### Records
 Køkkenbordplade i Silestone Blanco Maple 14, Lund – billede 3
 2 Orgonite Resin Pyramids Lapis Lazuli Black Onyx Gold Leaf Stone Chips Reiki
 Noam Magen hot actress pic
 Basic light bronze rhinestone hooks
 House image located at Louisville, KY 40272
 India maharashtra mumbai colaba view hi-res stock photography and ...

==

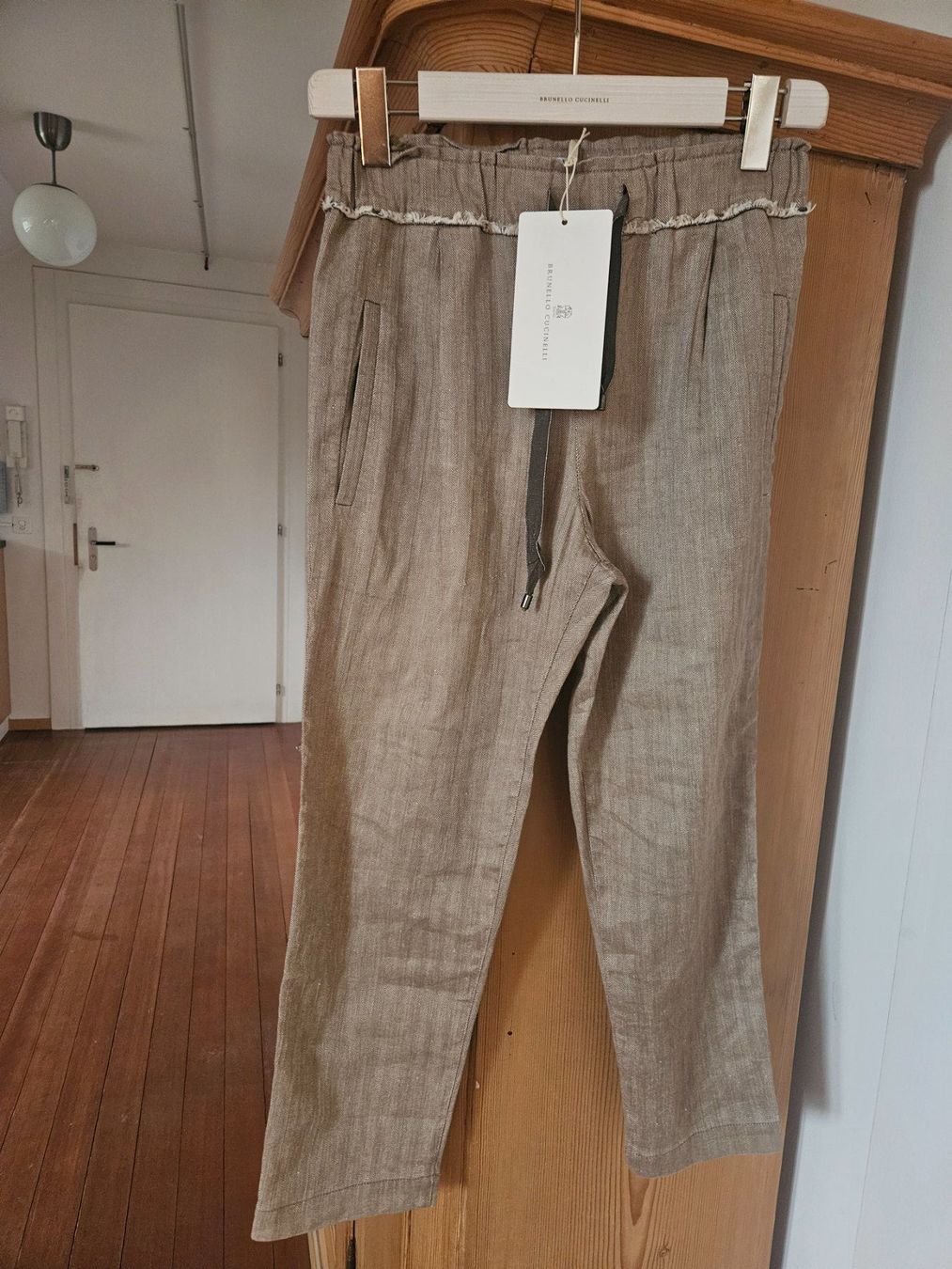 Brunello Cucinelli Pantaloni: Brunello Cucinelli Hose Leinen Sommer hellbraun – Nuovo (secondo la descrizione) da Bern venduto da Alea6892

### Required work
Beginning with the line holding "Noam Magen hot actress pic" and ending with the line holding "India maharashtra mumbai", write out the stretch of material above exactly; add no further lines.

### Reply
 Noam Magen hot actress pic
 Basic light bronze rhinestone hooks
 House image located at Louisville, KY 40272
 India maharashtra mumbai colaba view hi-res stock photography and ...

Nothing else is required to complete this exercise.